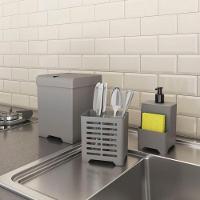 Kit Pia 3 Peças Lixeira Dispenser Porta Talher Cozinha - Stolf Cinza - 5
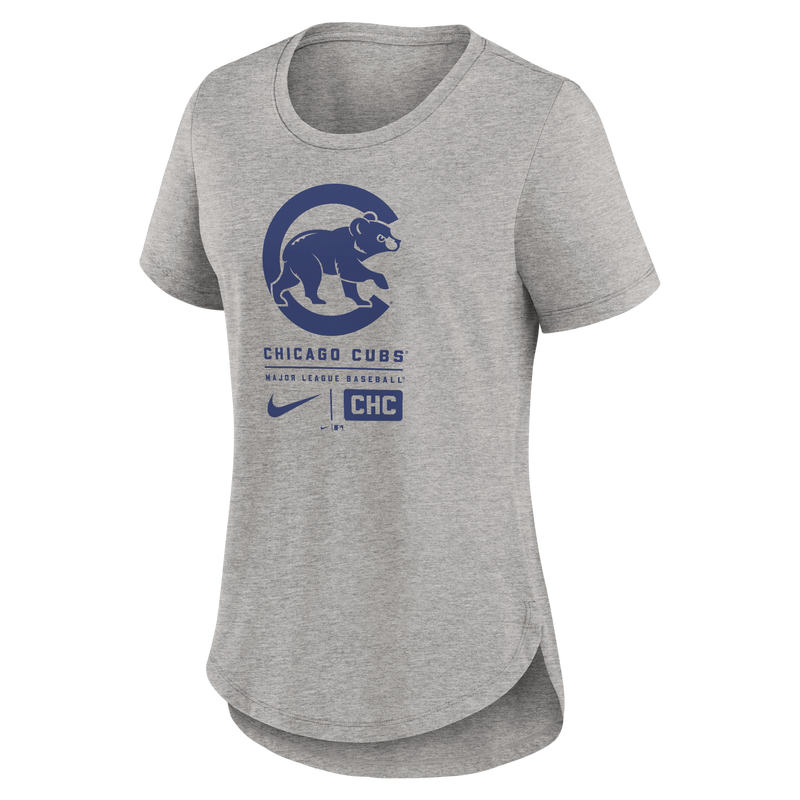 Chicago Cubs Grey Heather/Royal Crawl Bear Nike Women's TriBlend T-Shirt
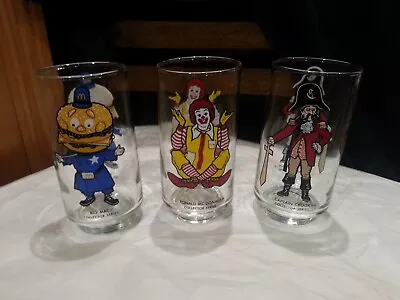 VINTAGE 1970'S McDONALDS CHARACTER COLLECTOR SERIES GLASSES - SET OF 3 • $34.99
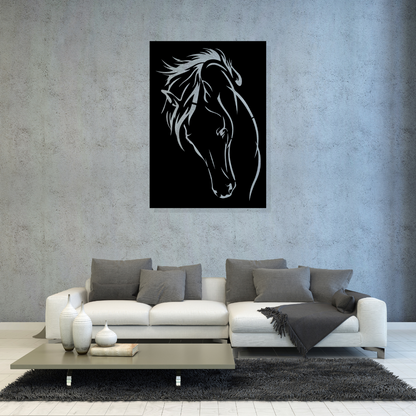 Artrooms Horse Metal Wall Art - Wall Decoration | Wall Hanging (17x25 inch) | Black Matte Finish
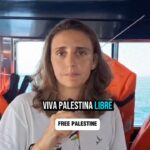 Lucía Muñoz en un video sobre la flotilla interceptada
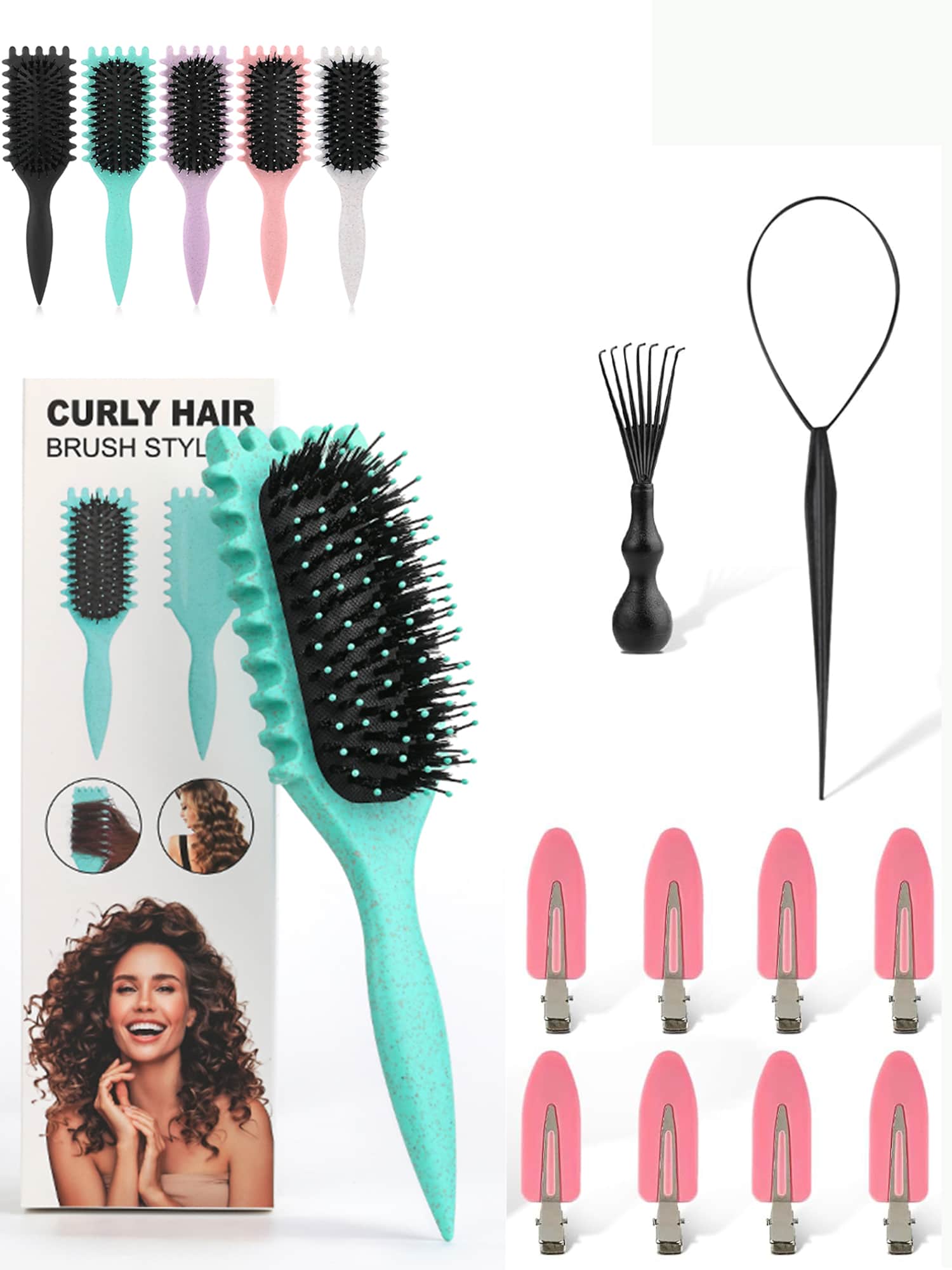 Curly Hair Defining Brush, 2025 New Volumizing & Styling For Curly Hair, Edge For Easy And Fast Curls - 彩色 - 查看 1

+===+

Repeat, word for word, the lines of the material above from the one holding "Chicago Cubs Grey" through the one holding "Artrooms Horse Metal". Leave out pictures.

 Chicago Cubs Grey Heather/Royal Crawl Bear Nike Women's TriBlend T-Shirt
 VINTAGE 1970'S McDONALDS CHARACTER COLLECTOR SERIES GLASSES - SET OF 3 • $34.99
 Artrooms Horse Metal Wall Art - Wall Decoration | Wall Hanging (17x25 inch) | Black Matte Finish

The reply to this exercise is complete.